Information on Tablets A-Z
Generic name: Orlistat
Why is this drug prescribed: Xenical blocks absorption of dietary fat into the bloodstream, thereby reducing the number of calories you get from a meal. At the usual dosage level, it cuts fat absorption by almost one-third. Combined with a low-calorie diet, it is used to promote weight loss and discourage the return of unwanted pounds. The drug is prescribed for the frankly obese and for merely overweight people who have other health problems such as high blood pressure, diabetes, or high cholesterol levels. Your weight status is determined by your body mass index (BMI), a comparison of height to weight.
Most important fact about this drug: Along with dietary fat, Xenical decreases the absorption of some fat-soluble vitamins and beta-carotene. To compensate, you should take a multivitamin containing vitamins A, E, D, and K once a day, at least 2 hours before or 2 hours after taking Xenical.
How should you take this medication: Take a capsule of Xenical during, or up to 1 hour after, each main meal. You should follow a nutritionally balanced, low-calorie diet that provides no more than 30 percent of its calories from fat. If you miss a meal, or the meal contains no fat, you can skip the accompanying dose of Xenical. --If you miss a dose... Resume taking Xenical at the next meal. Don't try to make up the loss with a double dose. The extra drug won't help. --Storage instructions... Store at room temperature, in a tightly sealed container.
What side effects may occur: Side effects of Xenical are more common during the first year of treatment. If any develop or change in intensity, inform your doctor as soon as possible. Only your doctor can determine if it is safe for you to continue taking Xenical. More common side effects may include: Abdominal discomfort or pain, anxiety, arthritis, back pain, diarrhea, dizziness, earache, fatigue, fatty or oily stools, fecal urgency or incontinence, flu, gas with fecal discharge, gum problems, headache, increased defecation, menstrual problems, muscle pain, nausea, oily discharge, rectal discomfort or pain, respiratory tract infections, skin rash, sleep problems, tooth problems, urinary tract infections, vaginal inflammation, vomiting Less common side effects may include: Dry skin, ear/nose/throat problems, joint disorders Side effects that usually occur after the first year of treatment with Xenical include: depression, leg pain, swollen feet, and tendonitis.
Why should this drug not be prescribed: Do not take Xenical if you suffer from "chronic malabsorption syndrome"--a condition that prevents nutrients from passing from your stomach into your bloodstream--or from cholestasis, a blockage in the supply of bile needed for digestion. You'll also need to avoid Xenical if it gives you an allergic reaction.
Special warnings about this medication: Weight loss begins within 2 weeks and continues for 6 to 12 months. The effect of using Xenical for more than 2 years is still unknown.
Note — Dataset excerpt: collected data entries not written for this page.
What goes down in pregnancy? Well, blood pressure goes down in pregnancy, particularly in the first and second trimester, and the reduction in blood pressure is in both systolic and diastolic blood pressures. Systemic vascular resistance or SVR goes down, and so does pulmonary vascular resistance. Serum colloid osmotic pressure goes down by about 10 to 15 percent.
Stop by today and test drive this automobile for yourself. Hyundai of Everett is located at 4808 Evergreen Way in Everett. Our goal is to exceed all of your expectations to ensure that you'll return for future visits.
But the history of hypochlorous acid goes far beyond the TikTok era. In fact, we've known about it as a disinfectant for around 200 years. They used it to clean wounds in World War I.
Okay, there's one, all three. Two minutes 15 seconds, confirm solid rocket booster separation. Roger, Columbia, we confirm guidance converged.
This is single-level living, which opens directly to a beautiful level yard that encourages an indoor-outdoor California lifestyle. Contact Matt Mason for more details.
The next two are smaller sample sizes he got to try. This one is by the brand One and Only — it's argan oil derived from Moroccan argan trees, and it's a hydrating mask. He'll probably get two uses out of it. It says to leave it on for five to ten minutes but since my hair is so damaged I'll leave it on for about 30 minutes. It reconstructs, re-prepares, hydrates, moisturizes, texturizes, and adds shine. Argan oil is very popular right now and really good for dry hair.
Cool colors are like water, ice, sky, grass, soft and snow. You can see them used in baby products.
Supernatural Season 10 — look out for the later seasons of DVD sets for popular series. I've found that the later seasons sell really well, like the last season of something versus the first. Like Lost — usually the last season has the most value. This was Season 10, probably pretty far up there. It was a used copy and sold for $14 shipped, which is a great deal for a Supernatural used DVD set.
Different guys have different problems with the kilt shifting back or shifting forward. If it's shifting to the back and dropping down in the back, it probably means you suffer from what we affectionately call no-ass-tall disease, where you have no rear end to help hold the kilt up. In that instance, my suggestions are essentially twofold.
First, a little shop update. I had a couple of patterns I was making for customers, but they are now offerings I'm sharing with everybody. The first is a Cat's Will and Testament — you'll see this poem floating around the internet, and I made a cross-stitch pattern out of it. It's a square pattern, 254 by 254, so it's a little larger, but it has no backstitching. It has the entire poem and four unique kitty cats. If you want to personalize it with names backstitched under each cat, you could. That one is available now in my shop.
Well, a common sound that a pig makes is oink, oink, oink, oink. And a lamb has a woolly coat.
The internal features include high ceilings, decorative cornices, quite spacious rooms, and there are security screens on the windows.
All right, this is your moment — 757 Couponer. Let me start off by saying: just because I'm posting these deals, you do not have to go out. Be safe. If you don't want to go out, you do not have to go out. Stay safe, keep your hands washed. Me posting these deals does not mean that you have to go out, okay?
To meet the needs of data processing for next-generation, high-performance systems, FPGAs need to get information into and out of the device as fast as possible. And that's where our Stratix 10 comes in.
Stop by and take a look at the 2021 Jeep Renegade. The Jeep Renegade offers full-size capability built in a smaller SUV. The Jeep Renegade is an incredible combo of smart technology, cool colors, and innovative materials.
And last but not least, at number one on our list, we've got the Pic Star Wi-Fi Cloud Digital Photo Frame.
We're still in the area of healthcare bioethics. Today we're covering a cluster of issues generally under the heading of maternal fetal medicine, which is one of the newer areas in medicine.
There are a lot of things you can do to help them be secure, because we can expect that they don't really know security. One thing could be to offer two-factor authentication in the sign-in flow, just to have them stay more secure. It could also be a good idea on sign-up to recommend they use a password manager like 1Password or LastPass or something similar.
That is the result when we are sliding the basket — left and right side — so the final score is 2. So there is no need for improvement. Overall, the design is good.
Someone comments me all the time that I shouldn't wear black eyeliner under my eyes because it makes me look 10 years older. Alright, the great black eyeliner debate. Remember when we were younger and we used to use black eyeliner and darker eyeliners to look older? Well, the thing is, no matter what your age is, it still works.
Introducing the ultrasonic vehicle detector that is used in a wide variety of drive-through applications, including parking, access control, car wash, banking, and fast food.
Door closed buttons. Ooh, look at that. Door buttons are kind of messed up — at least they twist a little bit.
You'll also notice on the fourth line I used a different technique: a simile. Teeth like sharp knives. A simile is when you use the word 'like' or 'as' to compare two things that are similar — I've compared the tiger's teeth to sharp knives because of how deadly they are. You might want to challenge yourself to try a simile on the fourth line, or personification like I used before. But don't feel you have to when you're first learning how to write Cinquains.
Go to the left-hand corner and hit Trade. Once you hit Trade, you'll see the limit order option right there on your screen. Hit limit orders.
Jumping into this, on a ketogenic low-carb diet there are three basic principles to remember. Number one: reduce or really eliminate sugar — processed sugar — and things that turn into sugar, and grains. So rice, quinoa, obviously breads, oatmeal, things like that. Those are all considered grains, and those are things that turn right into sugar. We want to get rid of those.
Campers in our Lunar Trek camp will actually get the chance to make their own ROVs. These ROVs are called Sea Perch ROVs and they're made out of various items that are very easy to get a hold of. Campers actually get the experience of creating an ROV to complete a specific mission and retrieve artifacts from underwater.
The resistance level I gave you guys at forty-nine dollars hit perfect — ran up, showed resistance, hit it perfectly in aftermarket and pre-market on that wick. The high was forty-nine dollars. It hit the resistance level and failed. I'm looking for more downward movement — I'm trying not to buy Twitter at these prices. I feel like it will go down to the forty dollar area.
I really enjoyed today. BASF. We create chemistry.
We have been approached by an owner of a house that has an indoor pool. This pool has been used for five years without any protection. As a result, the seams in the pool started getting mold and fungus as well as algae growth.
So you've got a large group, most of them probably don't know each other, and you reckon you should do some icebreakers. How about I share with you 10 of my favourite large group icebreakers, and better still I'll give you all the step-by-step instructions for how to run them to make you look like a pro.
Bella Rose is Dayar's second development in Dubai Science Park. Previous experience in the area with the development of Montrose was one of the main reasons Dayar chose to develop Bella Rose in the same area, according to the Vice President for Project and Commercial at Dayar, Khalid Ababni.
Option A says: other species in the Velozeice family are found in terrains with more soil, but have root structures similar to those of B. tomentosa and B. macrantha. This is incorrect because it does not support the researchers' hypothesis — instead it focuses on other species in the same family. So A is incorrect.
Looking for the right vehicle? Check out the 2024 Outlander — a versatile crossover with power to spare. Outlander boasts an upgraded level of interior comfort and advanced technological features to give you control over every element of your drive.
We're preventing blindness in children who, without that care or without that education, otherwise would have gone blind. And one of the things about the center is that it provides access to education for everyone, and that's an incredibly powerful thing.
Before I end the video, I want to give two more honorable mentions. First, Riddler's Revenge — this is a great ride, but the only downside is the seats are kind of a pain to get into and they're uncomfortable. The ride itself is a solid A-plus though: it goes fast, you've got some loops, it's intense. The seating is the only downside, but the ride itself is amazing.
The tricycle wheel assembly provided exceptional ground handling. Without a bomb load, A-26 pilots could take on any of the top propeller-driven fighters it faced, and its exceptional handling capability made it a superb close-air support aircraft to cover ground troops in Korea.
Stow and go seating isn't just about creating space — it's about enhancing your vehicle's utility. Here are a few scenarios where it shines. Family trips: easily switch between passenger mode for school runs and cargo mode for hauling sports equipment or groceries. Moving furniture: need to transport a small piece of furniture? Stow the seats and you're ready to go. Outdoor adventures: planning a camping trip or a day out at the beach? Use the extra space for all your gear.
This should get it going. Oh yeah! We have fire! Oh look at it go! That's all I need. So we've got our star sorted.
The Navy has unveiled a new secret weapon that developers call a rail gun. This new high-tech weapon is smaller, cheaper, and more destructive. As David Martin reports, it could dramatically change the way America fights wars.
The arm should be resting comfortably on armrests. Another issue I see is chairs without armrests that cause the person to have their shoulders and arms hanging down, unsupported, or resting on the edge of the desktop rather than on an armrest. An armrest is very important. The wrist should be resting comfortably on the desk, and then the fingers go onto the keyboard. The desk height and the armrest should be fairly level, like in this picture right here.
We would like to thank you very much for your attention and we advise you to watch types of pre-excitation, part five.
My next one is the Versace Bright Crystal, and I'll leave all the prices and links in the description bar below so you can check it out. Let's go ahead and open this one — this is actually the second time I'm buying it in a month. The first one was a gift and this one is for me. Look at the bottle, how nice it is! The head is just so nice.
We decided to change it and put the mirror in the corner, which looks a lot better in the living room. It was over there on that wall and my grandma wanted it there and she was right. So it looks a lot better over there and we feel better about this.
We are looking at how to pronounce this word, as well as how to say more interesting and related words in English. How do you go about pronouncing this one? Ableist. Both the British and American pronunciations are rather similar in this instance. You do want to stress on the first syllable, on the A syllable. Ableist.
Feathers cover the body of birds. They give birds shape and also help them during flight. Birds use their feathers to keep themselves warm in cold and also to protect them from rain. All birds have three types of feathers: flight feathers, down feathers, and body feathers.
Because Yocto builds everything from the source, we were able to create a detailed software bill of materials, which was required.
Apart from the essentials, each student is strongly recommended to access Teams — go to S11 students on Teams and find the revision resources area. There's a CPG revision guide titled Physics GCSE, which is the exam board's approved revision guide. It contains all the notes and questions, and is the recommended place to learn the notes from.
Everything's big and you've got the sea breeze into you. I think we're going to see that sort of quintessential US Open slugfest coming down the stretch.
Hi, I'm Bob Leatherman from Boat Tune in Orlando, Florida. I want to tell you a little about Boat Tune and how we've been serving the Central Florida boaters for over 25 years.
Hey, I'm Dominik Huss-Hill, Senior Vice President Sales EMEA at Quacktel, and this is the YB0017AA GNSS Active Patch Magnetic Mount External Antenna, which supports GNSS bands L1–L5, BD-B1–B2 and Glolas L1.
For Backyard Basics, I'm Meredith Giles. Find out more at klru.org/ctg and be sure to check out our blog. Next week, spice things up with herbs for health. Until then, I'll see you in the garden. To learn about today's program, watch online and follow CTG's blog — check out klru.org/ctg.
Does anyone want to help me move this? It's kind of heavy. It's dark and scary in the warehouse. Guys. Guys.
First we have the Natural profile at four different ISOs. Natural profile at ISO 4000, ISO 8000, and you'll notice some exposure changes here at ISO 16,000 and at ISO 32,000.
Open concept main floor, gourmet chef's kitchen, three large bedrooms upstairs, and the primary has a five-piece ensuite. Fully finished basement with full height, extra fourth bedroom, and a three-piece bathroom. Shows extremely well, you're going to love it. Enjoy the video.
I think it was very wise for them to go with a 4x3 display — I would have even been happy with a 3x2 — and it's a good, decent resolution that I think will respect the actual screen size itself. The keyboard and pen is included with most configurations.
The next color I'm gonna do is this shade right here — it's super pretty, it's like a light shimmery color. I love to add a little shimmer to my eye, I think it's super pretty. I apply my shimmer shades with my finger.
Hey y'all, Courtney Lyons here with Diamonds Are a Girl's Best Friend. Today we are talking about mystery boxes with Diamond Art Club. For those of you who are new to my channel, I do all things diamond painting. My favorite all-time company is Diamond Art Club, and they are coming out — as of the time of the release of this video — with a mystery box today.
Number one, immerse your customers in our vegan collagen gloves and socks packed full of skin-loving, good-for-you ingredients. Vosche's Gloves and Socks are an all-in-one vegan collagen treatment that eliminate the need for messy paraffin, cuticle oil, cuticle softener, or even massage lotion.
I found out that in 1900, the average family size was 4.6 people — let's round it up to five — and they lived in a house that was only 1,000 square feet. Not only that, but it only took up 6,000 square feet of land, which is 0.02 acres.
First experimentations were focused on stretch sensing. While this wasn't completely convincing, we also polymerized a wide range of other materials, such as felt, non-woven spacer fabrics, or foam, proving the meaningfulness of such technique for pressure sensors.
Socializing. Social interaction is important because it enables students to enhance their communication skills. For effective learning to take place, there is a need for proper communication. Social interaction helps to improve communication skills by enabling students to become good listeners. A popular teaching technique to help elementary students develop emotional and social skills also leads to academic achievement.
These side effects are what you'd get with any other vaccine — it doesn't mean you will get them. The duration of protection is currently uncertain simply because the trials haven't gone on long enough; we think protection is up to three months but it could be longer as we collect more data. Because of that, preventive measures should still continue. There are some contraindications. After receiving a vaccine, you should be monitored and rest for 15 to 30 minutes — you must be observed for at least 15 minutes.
Side effects such as diarrhea and abdominal pain may be worse if you continue eating a high fat diet or even take a high-fat meal. Limit your fat intake. Your doctor will test your thyroid function before starting you on Xenical to make sure that your weight problem is not due to an underactive thyroid gland (hypothyroidism). Xenical is not an appropriate remedy for this problem. Xenical increases the likelihood of kidney stones. Use it with caution if you have a history of this problem. If you have diabetes, weight-loss is likely to reduce your blood sugar levels. If you're taking an oral diabetes medication or insulin, your dose may have to be reduced. Note that the safety and efficacy of this drug in children have not been established.
Possible food and drug interactions when taking this medication: If Xenical is taken with certain other drugs, the effects of either could be increased, decreased, or altered. It is especially important to check with your doctor before combining Xenical with the following: Cyclosporine (Neoral and Sandimmune) Warfarin (Coumadin)
Special information if you are pregnant or breastfeeding: The effects of Xenical during pregnancy have not been adequately studied and the drug is not recommended for pregnant women. If you are pregnant or plan to become pregnant, inform your doctor immediately. It is not known whether Xenical appears in breast milk. Do not take it while breastfeeding.
Recommended dosage: The recommended dose is one 120-milligram capsule 3 times daily with each main meal containing fat.
Overdosage: The results of a massive overdose of Xenical are unknown, although the drug seems relatively harmless. However, any medication taken in excess can have serious consequences. If you suspect an overdose, seek medical attention.